I like using the scope descriptor to see which files a commit is altering

If I commit a single file, it would be nice to have the option to auto-fill the 'scope' dialogue with the name of that file, relative to the root directory.

e.g. if I were to do this:

// in root dir on a clean worktree
$ touch some_dir/some.file
$ git add .
$ cz c

I would expect the cz c dialogue to pop-up, where I can choose fix/feat etc., then when I am asked 'What is the scope of this change?' I would expect the text input to be prefilled with some.file, so I can change it to something else, or just hit enter to continue.
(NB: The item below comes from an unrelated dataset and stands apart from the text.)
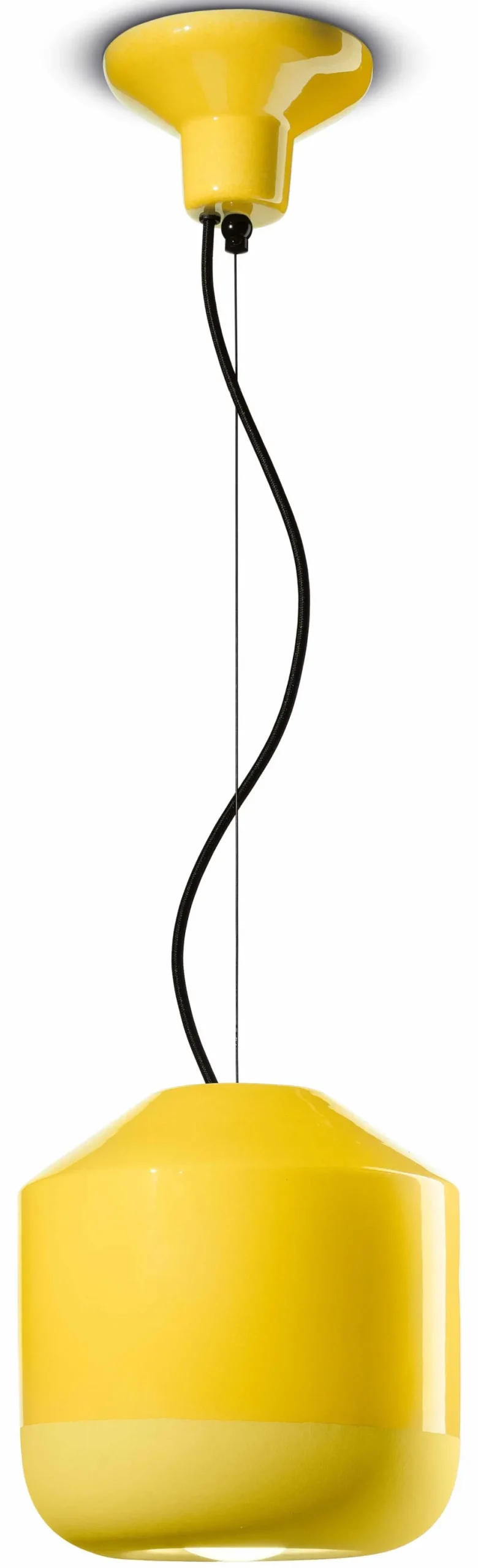 Ferroluce Pendelleuchte Keramik Ø 24 cm H: max. 145 cm Gelb E27< Wohnzimmerlampen|Keramiklampen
This would not be applicable if a commit contains multiple files, as a file-based scope doesn't make sense there, so I would expect the scope field to be left blank in that case.

Possible Solution

Add a boolean option prefill_scope_for_single_files that defualts to false and when set to true, makes the CLI tool scan for the number of files that have changed upon asking the scope question.

If the number of files is one, grab the filename and pre-fill it as the scope.

Optional: add boolean opt prefill_scope_for_single_files_relative that defaults to false and determines whether the scope should be prefilled with some.file (when opt is false) or some_dir/some.file (when opt is true)

Additional context

This would have to be an opt-in feature for sure as some people skip the scope step.